I hate worrying about this kind of stuff. I think you can handle whatever it is you decide you can handle. And if you're wrong, you're not locked into anything, you can change your mind anytime you want. Be a full time mom and doctor! If you find out you're scarificing something you don't want to, change! This kind of decision used to freak me out too, but then I realized I've coped with everything else in life, I'll be capable of coping with that too.

Anonymous said...

btw, pushing daisies is pretty darn cool... i suggest you watch(dvr) that in lieu of the declining medical shows

Holly Cummings said...

Unfortunately, full-time mom and doctor have been proven repeatedly to not work, and I'd hate to bring yet another set of raised-by-nannies, hating-the-world-and-in-therapy, accidentally-spoiled children to life without realizing it first. Most things I take as they come and cope along the way, but this one's too big, I'm afraid. Still, you're right in that it's not worth worrying about it *right now* -- it was just weird that it got brought up repeatedly in one day and forced to my attention. (And brought up again today, too. Argh.)

Also, Pushing Daisies IS pretty darn cool, and i've been dvr-ing it for the last two weeks. I LOVE the "Ned is 13 years, 10 weeks, 5 hours, and 3 minutes old" thing, but predictably, it drives Eric up a wall. Aren't we a great match for each other?

BookBabe said...

Not to generalize (well, maybe TO generalize) but, in my experience, men who have a lot of power and prestige usually don't perform a lot of day-to-day, hands-on parenting duties. That isn't to say that they aren't okay (or even pretty good) dads; they just have other people that do the stuff that isn't the most fun. Most of them haven't had to make the difficult choices that women with highly-demanding jobs do. So, I would take that into consideration whenever such a man expounds on child-rearing issues.

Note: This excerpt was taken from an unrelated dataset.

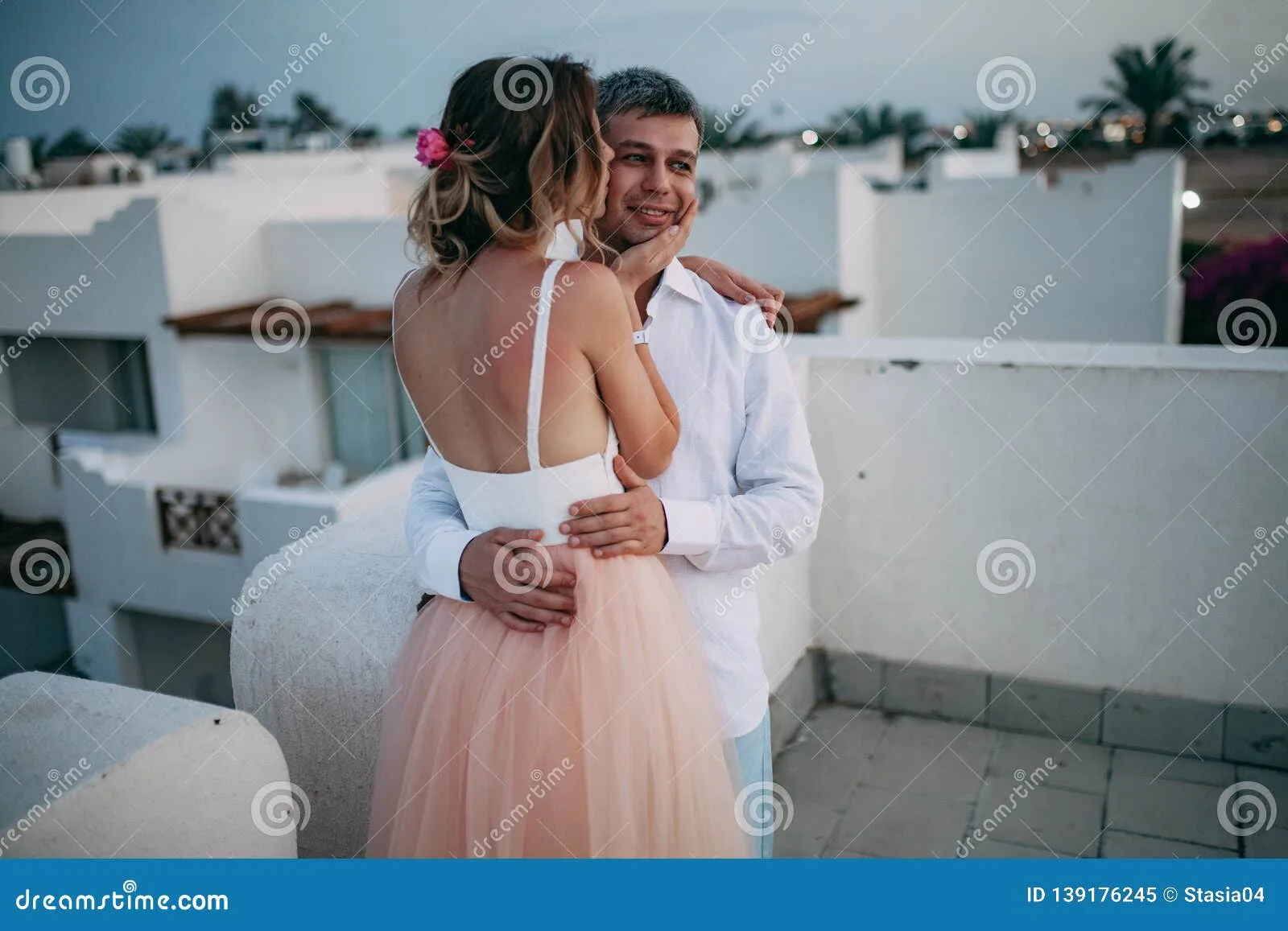 /img/6869-honeymoon-travel-documents.webp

Oh, yeah, it can be done. It's a new world, after all. It just takes thinking different (thanks IBM - or is it Apple?)

chuck zoi said...

I just want to comment that if Kira wanted to be a full time doctor, I would gladly be a full time dad.

Holly Cummings said...

I don't know if it really can be done... the only women I've seen make it work are the ones who work less than full-time. The ones who still work full-time have children raised by housekeepers and therapists. And I'm not exaggerating. I just don't see how it's possible to work 60 hours a week (or heck, even 40), on call another night a week, and be available to read to your kids, tell them to eat their vegetables, and make it to their soccer games. Hell, even the absent physician fathers try to make it to soccer game (just ONE parenting duty), and usually can't do it.

adspar, I'm glad you'd be a full-time dad, and I know a lot of guys would. But I wouldn't search for a spouse with that criterion in mind (not fair to anyone). Plus, women are crazy in that even if you were a full-time dad, Kira would probably still feel guilty that she was doing something wrong by not being able to be a full-time mom and doctor.

Which, yeah, I'm still going to attempt to do, future psychiatry bills be damned.